Risk is defined as exposure to the possibility of injury or loss. Special considerations may preclude the outsourcing of certain functions (e.g., those that involve sensitive national security operations, facilities, or products or the retention of corporate memory of experienced personnel). For example, recovery from the bomb blast in the World Trade Center was greatly accelerated by the resident knowledge of the agency facilities staff for that building (Marchese, 1993). In considering outsourcing management functions, an agency should first identify special considerations and the reasons some functions should be managed by inhouse staff.
The objective of risk management is to minimize the probability or magnitude of undesired consequences without incurring excessive costs (Moavenzadeh, 1997). The potential liability and risk management issues of any contract function should be examined closely. The external organization is an additional agent involved in an agency's overall performance and will not be as directly controlled as the agency's in-house staff, thus increasing potential liability exposure. The proper bundling of risk-management features in a turnkey project, however, may reduce risk for an agency. The risk-management aspect of outsourcing should be included in any contract arrangement.

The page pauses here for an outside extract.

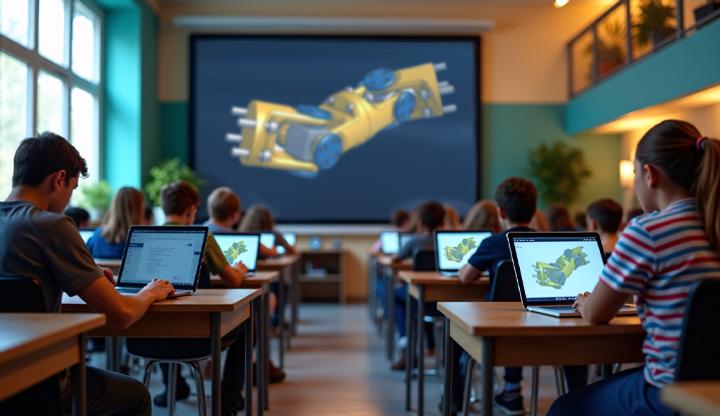 Stock image showing students in a classroom and a CAD model on computer screens.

Once a decision has been made to outsource some or all of the management functions for a facility acquisition, an agency should clearly define the roles and responsibilities of all of the entities involved. The committee recommends that federal agencies establish a responsibilities-and-deliverables 1 matrix to help eliminate overlapping responsibilities, provide accountability, and ensure that, as problems arise, solutions are effectively managed. The matrix will vary from project to project, depending on the management functions outsourced and the type of contract used. Figure 4-2 is an example of this type of matrix.
1Deliverables are any measurable, tangible, verifiable outcome, result, or item that must be produced to complete a project or part of a project (PMI, 1996).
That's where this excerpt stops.